似乎是先有「馬到成功」後來才有「馬到功成」的.  在元代, 「馬到成功」就比「馬到功成」通行: 
元·關漢卿《五侯宴》: 「俺父手下兵多將廣, 有五百義兒家將, 人人奮勇, 個個英雄, 端的是旗開得勝, 馬到成功。」(關漢卿: 金末元初人, 原籍解州（今山西運城）, 主要活動於大都（今北京）附近. 其風格以融合古典詩詞與俗語方言著稱). 
元·張國賓《薛仁貴》楔子: 「憑著您孩兒學成武藝，智勇雙全，若在兩陣之間，怕不馬到成功。」 (張國賓: 大都（今北京）人). 
元·無名氏《小尉遲》第二折: 「那老尉遲這_一_去, 馬到成功。」
元·無名氏《射柳捶丸》第四折: 「托賴主人洪福，旗開得勝, 馬到成功。」 
元·鄭廷玉《楚昭公》第一折: 「害我父兄之讎，誓當報復，管取馬到成功，奏凱回來也。」
元·鄭廷玉《楚昭公》第四折: 「只願你馬到功成，奏凱而還。」 (鄭廷玉: 彰德（今河南安陽市）人).
元·李文蔚《蔣神靈應》楔子: 「顯威靈神兵扶助，施謀略旗開得勝。」 (李文蔚: 真定（今河北正定縣）人).
元·無名氏《射柳捶丸》第一折: 「某今下戰書去，單搦大宋家名將出馬，與某交戰，別辨輸贏，方顯威風北虜強，密排劍戟進寒光，旗開馬到施驍勇，大宋英雄拱手降。」. 
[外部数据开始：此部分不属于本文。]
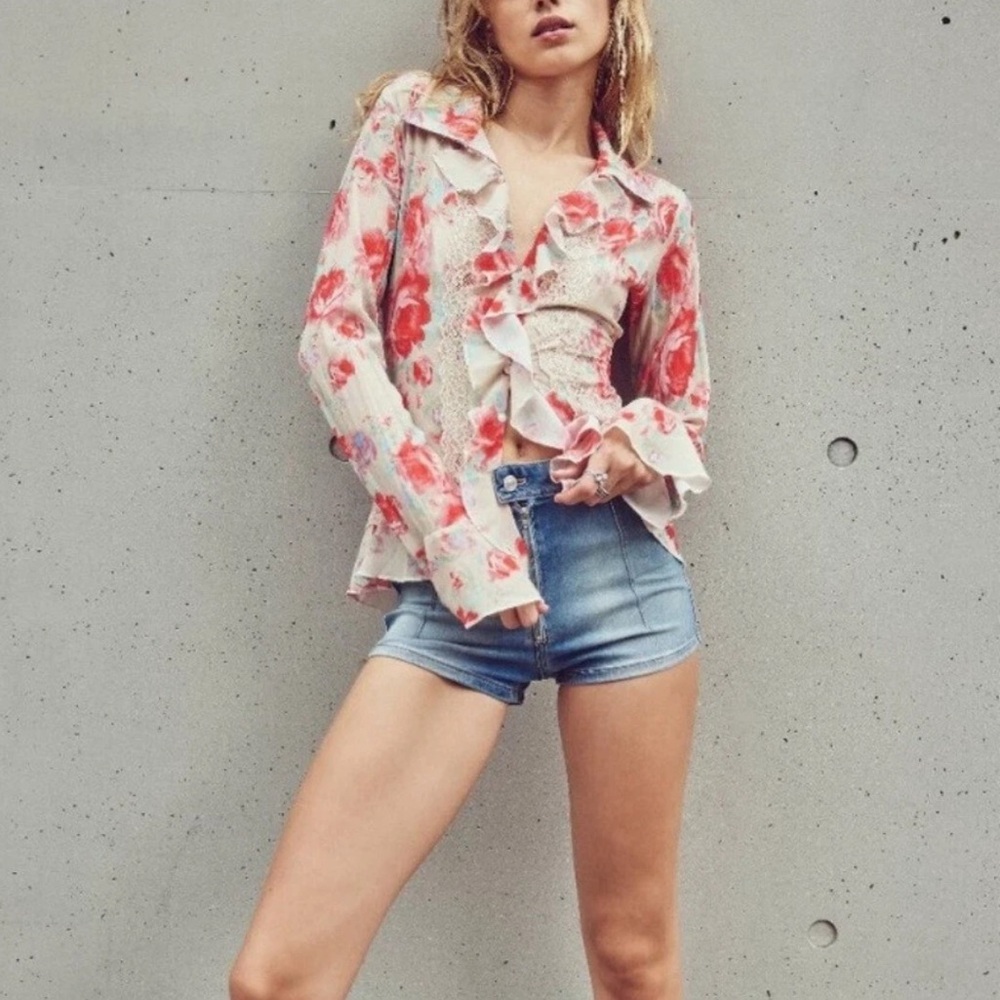 FREE PEOPLE Bad At Love Printed Blouse / Ivory Combo SMALL Floral Pink Boho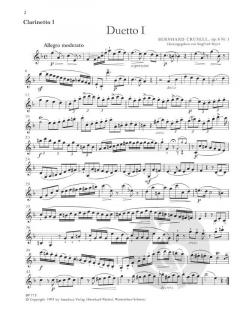 3 Duos op. 6 von Bernhard Henrik Crusell für 2 Klarinetten im Alle Noten Shop kaufen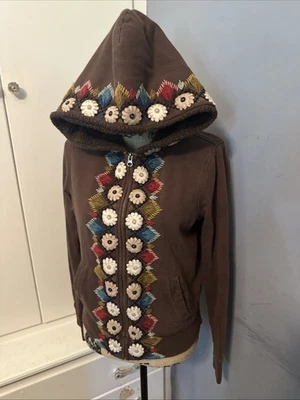 Vintage Lucky Brand Hoodie Sweatshirt Embroidered Floral Zip Womens Medium - Image 1 of 4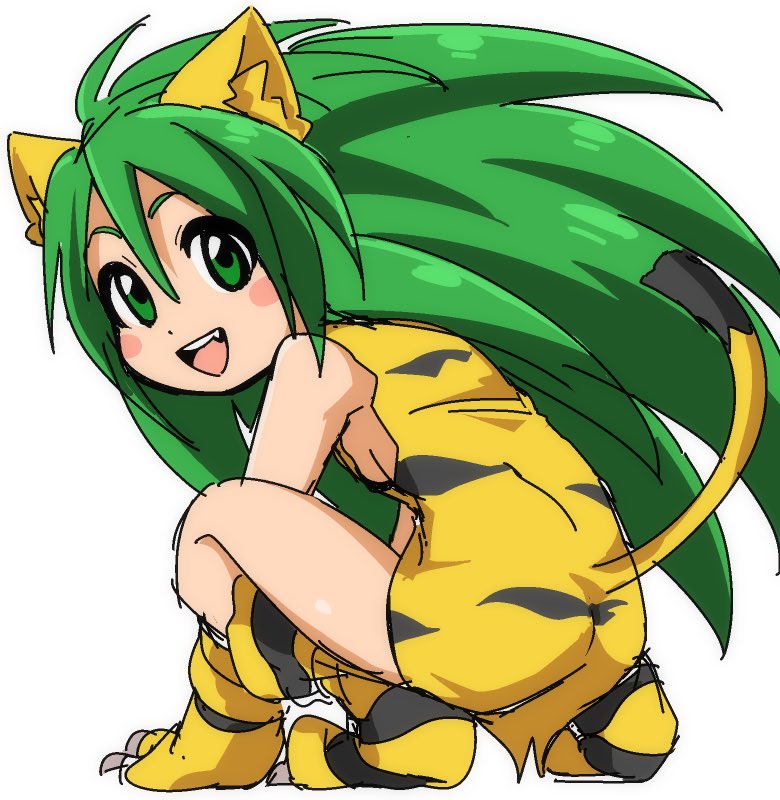 1girl animal_ears animal_hands animal_print breasts cat_ears cat_tail cham_cham fang full_body gloves green_eyes green_hair long_hair looking_at_viewer open_mouth paw_gloves paw_shoes samurai_spirits simple_background sketch small_breasts smile solo tail tiger_print white_background yuuya_(blue_scarab)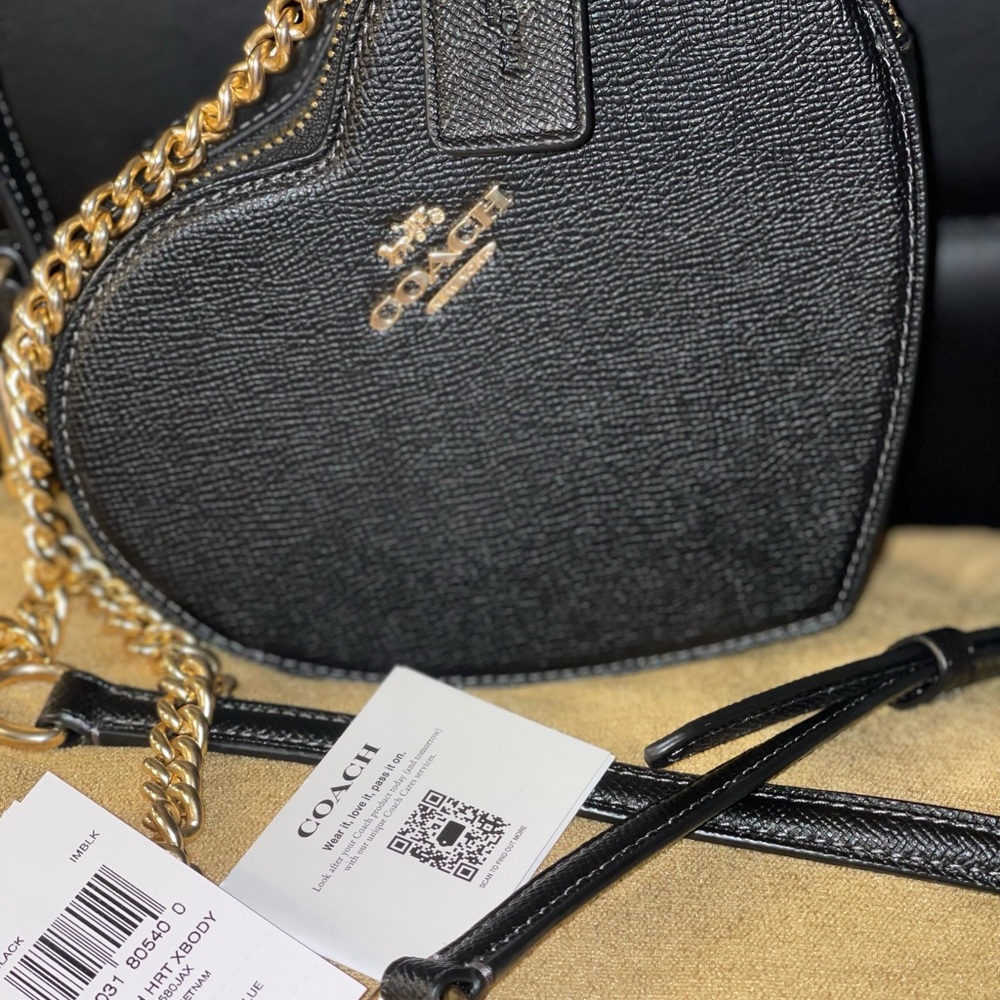 Coach Black Heart Crossbody Bag with Gold hardware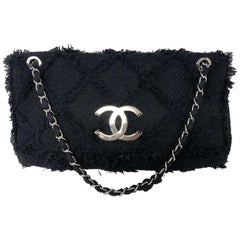 Chanel Black Tweed Large Bag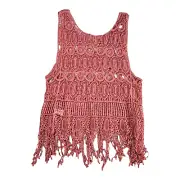 Pretty Angel Women's Crochet Tank Top Pink Fringe Bottom Size Large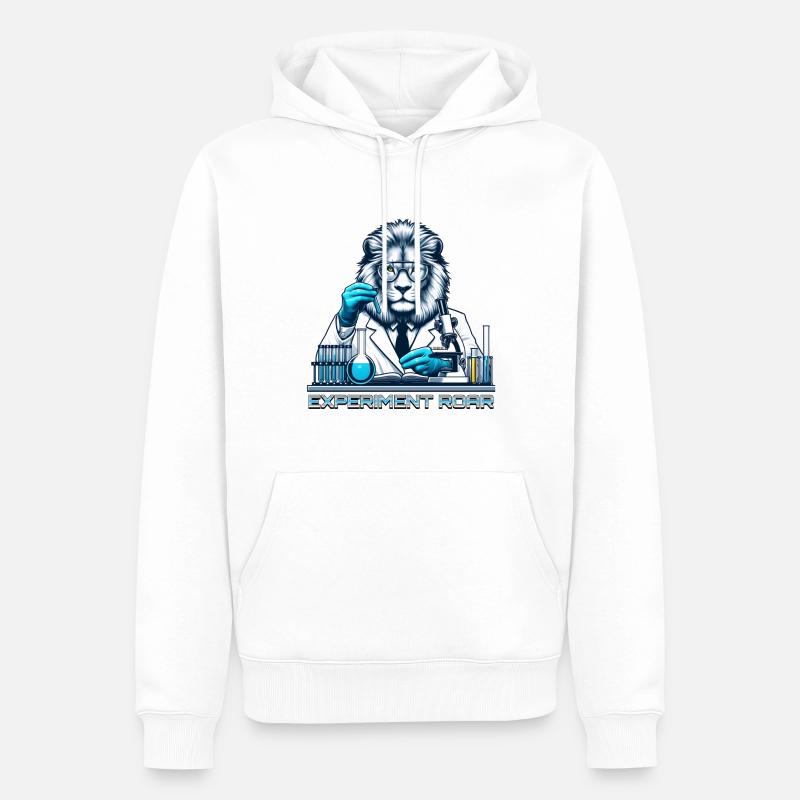 Löwen-Lab : Rugissement de l’expérience - Sweat à capuche Premium bio Homme - blanc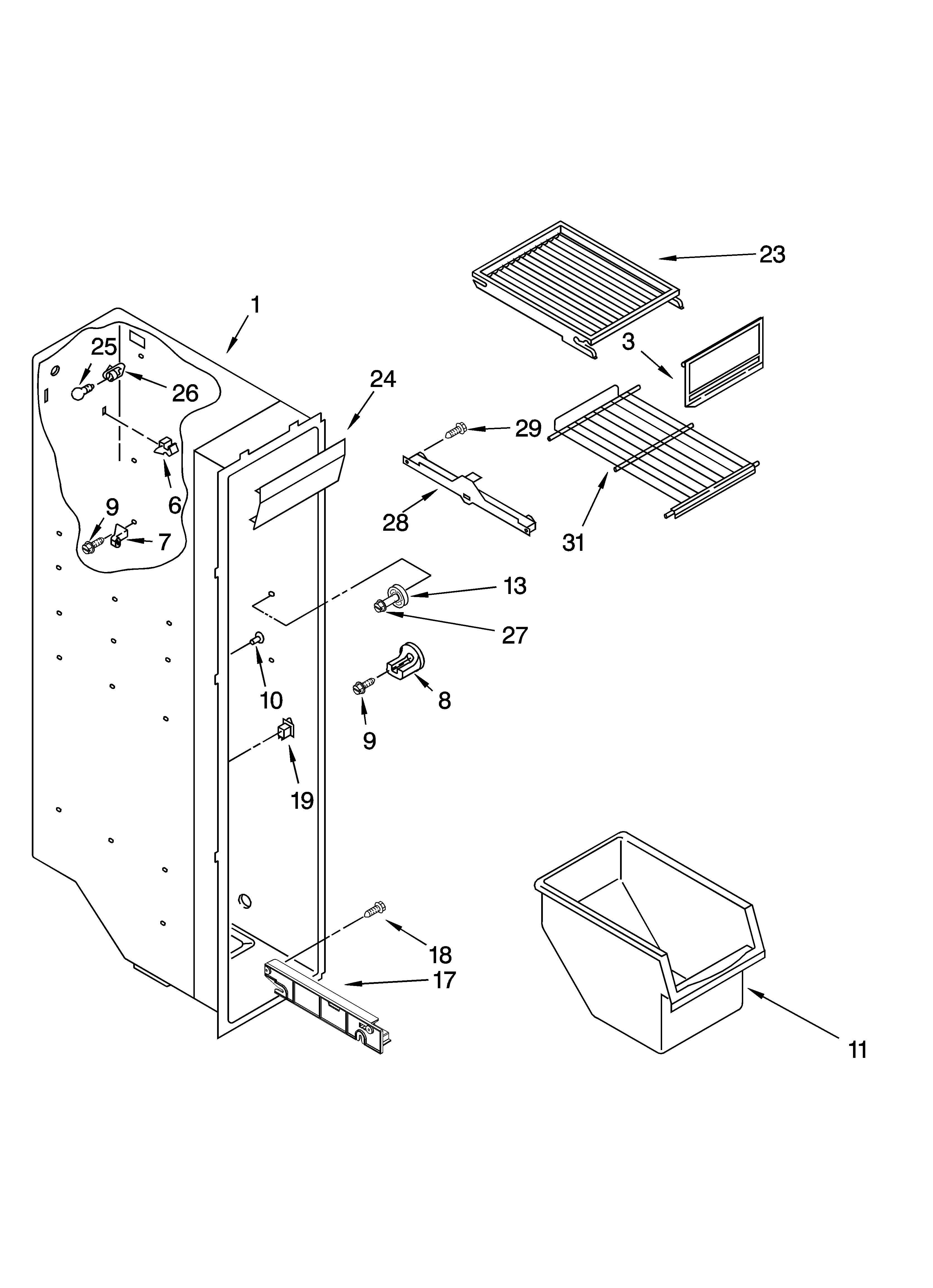 Whirlpool ED5NHGXRL01 freezer liner parts diagram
「旗開得勝, 馬到成功」在元代就是固定語了, 似乎在北京附近流行. 北京（中都, 大都）是遼國的陪都, 金國, 元朝的首都.  自 936AD 至 1368AD 的四百多年裡, 一直由外族統治.


----------



## kun2kun

noun + verb + verb + noun 的结构我想到以下几个，不知道是否符合你的要求。
人死留名
豹死留皮
云开见天
叶落知秋
贼去关门


----------



## Skatinginbc

Thank you, Kun2kun.  I really appreciate it.   
 「豹死留皮」 ==> 誰留皮? 豹!  「人死留名」 ==> 誰留名? 人!  「馬到成功」 ==> 誰成功? 馬嗎?
「云开见天」 (from 宋·邵雍《观盛化诗》：纷纷五代乱离间，一旦云开复见天) ==> still linked by a conjunction during the Northern Song Dynasty.  
 「叶落知秋」 (from 宋·释普济《五灯会元》卷二十：叶落知秋，举一明三) ==>    《五灯会元》 was perhaps completed in 宋淳钓十二年（1252AD）.  有宋宝祐元年（1253 AD）和元至正二十四年（1364 AD）两个刻本。  释普济 came from the North (雍州北山互人).  The North had long been occupied by the Jurchen people by then, so it still cannot serve as evidence against the foreign-influence hypothesis. 
「贼去关门」 (from 宋·釋道原《景德傳燈錄》: “僧問曰：‘若不遇于師，幾成走作。’師曰：‘賊去後關門。’”) ==> The birthplace and the birthday of 宋·釋道原 are unfortunately unknown.  Besides, the  original text is 賊去後關門, with a subordinate clause.


----------